Bug 52856 - High CPU load when the underlying socket error in ssl_socket_send is EAGAIN
Summary: High CPU load when the underlying socket error in ssl_socket_send is EAGAIN
Status: RESOLVED FIXED
Alias: None
Product: Tomcat Native
Classification: Unclassified
Component: Library (show other bugs)
Version: 1.1.22
Hardware: PC Linux
: P2 major (vote)
Target Milestone: ---
Assignee: Tomcat Developers Mailing List
URL:
Keywords:
: 54064 (view as bug list)
Depends on:
Blocks:
 
Reported: 2012-03-08 14:29 UTC by Dmitry Kukushkin
Modified: 2012-11-19 05:39 UTC (History)
1 user (show)



Attachments

Note You need to log in before you can comment on or make changes to this bug.
Description Dmitry Kukushkin 2012-03-08 14:29:04 UTC
How to reproduce:
Tomcat with the APR connector, using HTTPS scheme, when a client requests for some quite a big (~100K-200K) static file, and breaks the connection unexpectedly.
Shell script to reproduce:
#!/bin/bash
# A way to reproduce the bug in the APR connector.
# Must be run from a different machine, the Tomcat is running on.
# Author: Andreas Florath ( andreas.florath at external.telekom.de )
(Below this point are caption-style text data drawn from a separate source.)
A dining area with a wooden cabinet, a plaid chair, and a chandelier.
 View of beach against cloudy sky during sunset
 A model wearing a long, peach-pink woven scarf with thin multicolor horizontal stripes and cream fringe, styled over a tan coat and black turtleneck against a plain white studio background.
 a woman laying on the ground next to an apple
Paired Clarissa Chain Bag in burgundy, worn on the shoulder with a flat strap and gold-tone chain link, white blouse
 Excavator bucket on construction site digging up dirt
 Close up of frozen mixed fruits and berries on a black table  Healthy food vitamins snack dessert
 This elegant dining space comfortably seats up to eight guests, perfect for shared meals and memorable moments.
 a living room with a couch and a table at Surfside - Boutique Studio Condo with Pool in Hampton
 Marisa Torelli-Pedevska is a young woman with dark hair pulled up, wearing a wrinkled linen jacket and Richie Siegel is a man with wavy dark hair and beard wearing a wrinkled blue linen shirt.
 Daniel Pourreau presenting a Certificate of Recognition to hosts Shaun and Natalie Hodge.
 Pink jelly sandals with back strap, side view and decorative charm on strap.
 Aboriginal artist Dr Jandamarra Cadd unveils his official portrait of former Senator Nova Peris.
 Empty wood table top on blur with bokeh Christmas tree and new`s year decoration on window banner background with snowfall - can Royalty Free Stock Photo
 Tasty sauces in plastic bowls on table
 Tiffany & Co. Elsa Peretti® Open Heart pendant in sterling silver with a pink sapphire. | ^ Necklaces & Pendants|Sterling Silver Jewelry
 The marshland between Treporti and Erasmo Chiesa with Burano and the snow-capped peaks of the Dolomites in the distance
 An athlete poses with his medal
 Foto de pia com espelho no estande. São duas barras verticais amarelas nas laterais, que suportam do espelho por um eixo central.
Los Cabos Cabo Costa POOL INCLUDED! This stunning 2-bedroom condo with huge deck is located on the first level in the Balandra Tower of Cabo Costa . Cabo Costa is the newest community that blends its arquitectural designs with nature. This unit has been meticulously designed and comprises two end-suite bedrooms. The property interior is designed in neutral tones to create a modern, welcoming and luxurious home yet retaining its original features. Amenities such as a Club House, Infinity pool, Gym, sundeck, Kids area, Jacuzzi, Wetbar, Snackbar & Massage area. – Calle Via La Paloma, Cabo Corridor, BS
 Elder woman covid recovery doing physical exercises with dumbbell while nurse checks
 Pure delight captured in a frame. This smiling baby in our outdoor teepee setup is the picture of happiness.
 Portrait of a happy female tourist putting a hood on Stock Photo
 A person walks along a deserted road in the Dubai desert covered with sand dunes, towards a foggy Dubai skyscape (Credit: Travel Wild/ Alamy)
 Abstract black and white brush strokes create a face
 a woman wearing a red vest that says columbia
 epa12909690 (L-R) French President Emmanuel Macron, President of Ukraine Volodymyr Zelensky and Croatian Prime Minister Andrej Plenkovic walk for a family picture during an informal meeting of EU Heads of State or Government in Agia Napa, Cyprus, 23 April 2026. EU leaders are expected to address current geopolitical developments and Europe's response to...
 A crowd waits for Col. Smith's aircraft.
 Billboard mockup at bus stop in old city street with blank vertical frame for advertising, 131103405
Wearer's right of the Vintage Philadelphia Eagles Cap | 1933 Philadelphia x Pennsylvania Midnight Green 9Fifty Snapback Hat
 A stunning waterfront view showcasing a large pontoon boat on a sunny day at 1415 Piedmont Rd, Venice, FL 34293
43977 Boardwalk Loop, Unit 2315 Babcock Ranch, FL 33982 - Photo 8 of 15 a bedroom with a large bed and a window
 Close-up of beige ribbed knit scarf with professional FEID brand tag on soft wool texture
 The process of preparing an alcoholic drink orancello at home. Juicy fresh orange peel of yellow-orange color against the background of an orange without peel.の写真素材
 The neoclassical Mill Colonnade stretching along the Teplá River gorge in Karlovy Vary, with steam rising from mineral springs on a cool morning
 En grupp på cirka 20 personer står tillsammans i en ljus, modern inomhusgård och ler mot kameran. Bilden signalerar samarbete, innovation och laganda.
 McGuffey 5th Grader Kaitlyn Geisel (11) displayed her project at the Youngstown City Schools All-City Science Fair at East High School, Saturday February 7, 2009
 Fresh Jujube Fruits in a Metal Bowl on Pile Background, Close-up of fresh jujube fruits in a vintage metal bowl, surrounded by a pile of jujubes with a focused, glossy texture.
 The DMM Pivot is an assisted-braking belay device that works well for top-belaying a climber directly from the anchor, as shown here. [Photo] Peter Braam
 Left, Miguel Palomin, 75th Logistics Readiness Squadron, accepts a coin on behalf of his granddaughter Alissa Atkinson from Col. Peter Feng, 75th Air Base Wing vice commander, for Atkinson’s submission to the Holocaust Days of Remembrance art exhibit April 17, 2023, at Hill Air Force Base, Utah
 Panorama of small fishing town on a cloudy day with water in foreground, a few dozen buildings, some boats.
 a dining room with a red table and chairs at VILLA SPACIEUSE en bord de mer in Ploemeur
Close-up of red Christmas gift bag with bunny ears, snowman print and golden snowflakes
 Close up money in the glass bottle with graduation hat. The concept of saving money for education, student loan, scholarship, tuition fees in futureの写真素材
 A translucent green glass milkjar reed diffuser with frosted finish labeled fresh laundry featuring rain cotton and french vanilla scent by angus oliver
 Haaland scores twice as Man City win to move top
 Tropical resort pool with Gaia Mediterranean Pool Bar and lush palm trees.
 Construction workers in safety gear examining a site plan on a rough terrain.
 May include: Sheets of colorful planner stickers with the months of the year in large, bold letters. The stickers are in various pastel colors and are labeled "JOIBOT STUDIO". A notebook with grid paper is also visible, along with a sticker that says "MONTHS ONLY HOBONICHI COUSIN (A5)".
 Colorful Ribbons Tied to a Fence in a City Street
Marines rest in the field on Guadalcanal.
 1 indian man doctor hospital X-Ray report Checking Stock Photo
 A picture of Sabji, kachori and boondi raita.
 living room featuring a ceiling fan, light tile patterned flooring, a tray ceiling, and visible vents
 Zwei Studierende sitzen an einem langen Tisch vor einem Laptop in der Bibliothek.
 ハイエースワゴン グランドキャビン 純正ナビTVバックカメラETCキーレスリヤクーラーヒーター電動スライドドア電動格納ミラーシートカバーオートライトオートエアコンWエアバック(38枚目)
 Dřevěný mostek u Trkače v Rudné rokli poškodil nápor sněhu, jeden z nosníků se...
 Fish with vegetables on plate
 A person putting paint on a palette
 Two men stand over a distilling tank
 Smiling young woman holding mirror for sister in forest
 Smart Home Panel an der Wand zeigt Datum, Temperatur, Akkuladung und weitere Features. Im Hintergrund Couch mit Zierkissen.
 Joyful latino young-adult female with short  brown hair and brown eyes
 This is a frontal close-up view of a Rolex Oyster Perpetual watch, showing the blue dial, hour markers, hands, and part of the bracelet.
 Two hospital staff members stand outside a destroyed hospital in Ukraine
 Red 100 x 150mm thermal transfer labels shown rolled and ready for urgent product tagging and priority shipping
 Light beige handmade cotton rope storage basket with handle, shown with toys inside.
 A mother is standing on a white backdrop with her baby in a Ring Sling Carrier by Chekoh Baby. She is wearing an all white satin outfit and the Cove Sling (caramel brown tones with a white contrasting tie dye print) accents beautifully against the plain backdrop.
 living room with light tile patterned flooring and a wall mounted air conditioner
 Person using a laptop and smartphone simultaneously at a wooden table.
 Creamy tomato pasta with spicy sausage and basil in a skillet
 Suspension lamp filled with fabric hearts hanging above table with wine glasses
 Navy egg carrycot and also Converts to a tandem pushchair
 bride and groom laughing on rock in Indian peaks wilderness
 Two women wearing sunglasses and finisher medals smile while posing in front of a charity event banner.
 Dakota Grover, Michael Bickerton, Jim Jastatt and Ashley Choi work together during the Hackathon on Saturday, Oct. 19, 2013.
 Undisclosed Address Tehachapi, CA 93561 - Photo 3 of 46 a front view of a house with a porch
for port in 17890 17891 17892 17893 17894 17895 17896 17897 17898 17899; do
     curl --local-port $port --insecure "https://<host>:<port>/<some big file>" &
     sleep 0.1
     iptables -A OUTPUT -p tcp --sport $port -j REJECT
done


Connector enters a socket write loop, taking nearly 1 CPU core.
A snippet from the strace log:
...
[pid 32221] write(91, "\347\2\22\36\334\222\2525g\215\342\352A\324\246\340\7\265(\205n\362\215\34az\363>\37Up\213"..., 1789 <unfinished ...>
[pid 32222] <... futex resumed> )       = 0
[pid 32221] <... write resumed> )       = -1 EAGAIN (Resource temporarily unavailable)
[pid 32222] write(94, "\276\275\263zN\n\20^\35\200\3.\5\n\35\300o\364\373\305\356\35\24{\302\200\242\346\22\241\256\326"..., 2812 <unfinished ...>
[pid 32221] write(91, "\347\2\22\36\334\222\2525g\215\342\352A\324\246\340\7\265(\205n\362\215\34az\363>\37Up\213"..., 1789 <unfinished ...>
[pid 32222] <... write resumed> )       = -1 EAGAIN (Resource temporarily unavailable)
[pid 32221] <... write resumed> )       = -1 EAGAIN (Resource temporarily unavailable)
[pid 32222] write(94, "\276\275\263zN\n\20^\35\200\3.\5\n\35\300o\364\373\305\356\35\24{\302\200\242\346\22\241\256\326"..., 2812 <unfinished ...>
[pid 32221] write(91, "\347\2\22\36\334\222\2525g\215\342\352A\324\246\340\7\265(\205n\362\215\34az\363>\37Up\213"..., 1789 <unfinished ...>
[pid 32222] <... write resumed> )       = -1 EAGAIN (Resource temporarily unavailable)
[pid 32221] <... write resumed> )       = -1 EAGAIN (Resource temporarily unavailable)
...

Possible patch:
Add polling for writing with the timeout before the next ssl socket write attempt in case of EAGAIN
--- tomcat-native-1.1.22-src/jni/native/src/sslnetwork.c
+++ tomcat-native-1.1.22-src/jni/native/src/sslnetwork.c
@@ -471,7 +471,7 @@
                 break;
                 case SSL_ERROR_WANT_READ:
                 case SSL_ERROR_WANT_WRITE:
-                    if (nb && i == SSL_ERROR_WANT_WRITE) {
+                    if (nb && i == SSL_ERROR_WANT_WRITE && !APR_STATUS_IS_EAGAIN(os) ) {
                         *len = 0;
                         return APR_SUCCESS;
                     }
Comment 1 Mladen Turk 2012-11-19 05:35:30 UTC
*** Bug 54064 has been marked as a duplicate of this bug. ***
Comment 2 Mladen Turk 2012-11-19 05:39:23 UTC
Fixed in the SVN (1.1.x branch)
Will be part of 1.1.25 release.

Note that I didn't use your patch. The entire SSL send loop was a bit bogus, so I did some serious cleanup.

However your test case helped a lot!
With 1.1.24 I see 98%CPU, with 1.1.25-dev it never goes beyond 62.5% on localhost for 80MB file.